Ian Strange: Suburban

A distinct wash of unease comes over the family home, thanks to the interference of artist Ian Strange.
Sally Tabart
Published on August 06, 2013
Updated on December 08, 2014

Overview

In 2011, Ian Strange recreated a full-scale replica of his family home as part of an installation in Turbine Hall at Cockatoo Island, accompanied by a film featuring the powerful destruction of three Holden Commodores. In his new body of work, Suburban, Strange films and photographs (amongst other things) violently burning a house in the suburbs to the ground. Whether or not this is a particularly creative way to work out some childhood angst, we should be grateful that Strange has art as an outlet.

Initially gaining recognition in Australia’s early street-art scene from the late 1990s under the moniker Kid-Zoom, Strange is one of the few who have successfully transitioned from the canvas of the streets to internationally recognised contemporary exhibitions. In a body of visually stunning and emotionally compelling photography and film work, the Australian-born, New York-based artist explores the notion of the family home as an icon of Western post-war idealism in the United States and Australia.

Travelling across Ohio, Michigan, Alabama, New Jersey, New York and New Hampshire with a film crew and volunteers for two and a half years, he has produced a recreation of eight site-specific interventions incorporating suburban homes. Surrounding you with three screens in a pitch-black room, the video installation work is particularly arresting and immersive and feels as monumental as a moving cinematic experience.

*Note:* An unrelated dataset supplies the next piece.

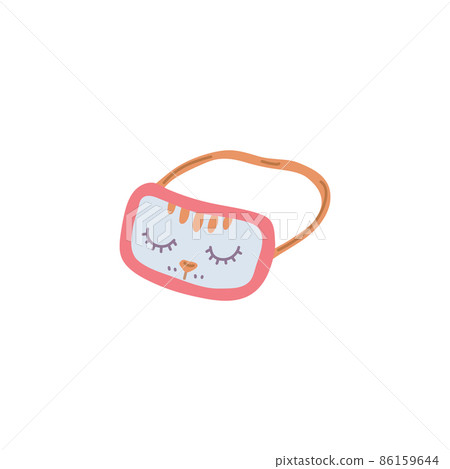 Cute sleep mask with animal face, flat vector illustration isolated on white background. Cute sleep mask with animal face, flat vector illustration isolated on white background. 86159644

Shots of eerily lit house facades branded by a red X or a large circle as though by alien intervention combined with an equally ominous soundtrack challenges the association of warmth and comfort in a home, and paints a distinct wash of unease over the energy of these otherwise cookie-cutter moulds. As the music builds, so too does the imagery, climaxing in wide-scale shots of homes being burnt to the ground, sitting in a unclear emotional place somewhere between devastating and mesmerising.

This was in fact the tone of the entire exhibition, imparting upon the viewer the confusing fusion of an iconic symbol of comfort with a mysterious, dark energy.